I've heard that Nikon settled on using a 6MP sensor on their D1X
The D1X sensor isn't 6 MP.
Admitting that we (in all age demographic) are spoiled by the images of the digital cameras with much higher MP sensor, the practical resolution should be much lower than we think.
Looking at the photos of books made, e.g., in the 1970s and 80s, I have the "Zoo: Suuri eläinkirja" series of books (I believe the original was published in France) which contain a lot of wildlife photography. The image quality is quite terrible by today's standards. Newspapers of the same era contained sports photos of ice hockey that were super grainy and almost binary in how many gray tones they had. I don't see any reason why we should wish to go back to that, or set standards based on what was possible at that time. And in fact even then much better was possible, as glossy magazines and books had photos made with medium and large formats and they looked very nice even by today's standards (probably because photography was more difficult then, so more thought was put into it, and print distribution was expensive so editors selected what was published).
I don't agree with the assessment that film image quality should be compared with digital by evaluating equal areas of sensor/film as the film could be much much larger than the generally available digital sensors back then (and even today). I'm not suggesting that I prefer film - I don't, but 1:1 comparison of the same area is simply not fair or application-relevant outside of macro photography or wildlife or similar subjects.

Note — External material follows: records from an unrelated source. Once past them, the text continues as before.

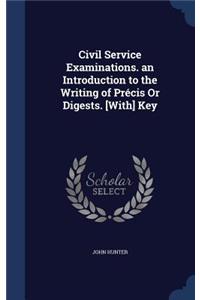 Civil Service Examinations. an Introduction to the Writing of Précis Or Digests. [With] Key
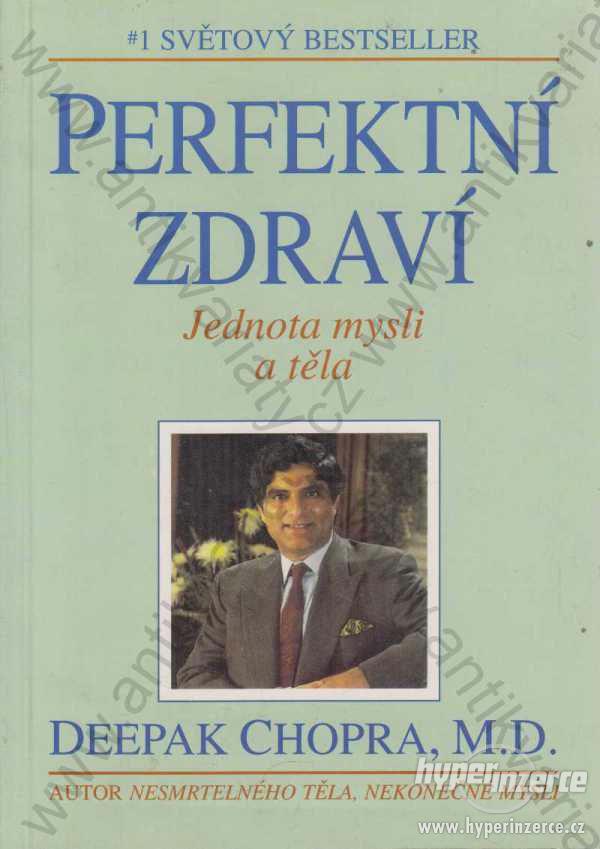 Perfektní zdraví Deepak Chopra Pragma, Praha 1994 - foto 1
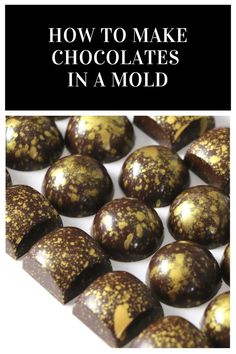 how to make chocolates in a mold with text overlay that reads, how to make chocolates in a mold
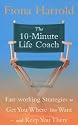 The 10-minute Life Coach: Fast-working Strategies for a Brand New You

If the goal is high image quality, in any era of photography, the aim should be set to better than the most discerning viewer can see. That way the photographer can be confident no one could do better and so it is good enough. If the goal is something else (emotion, unusual documentary content, etc.) then different standards and values are applied to what is good enough. If it moves the viewer or changes the way they see the world, then it is probably good enough. This has little or nothing to do with how many pixels are used. But different subjects and purposes have different requirements.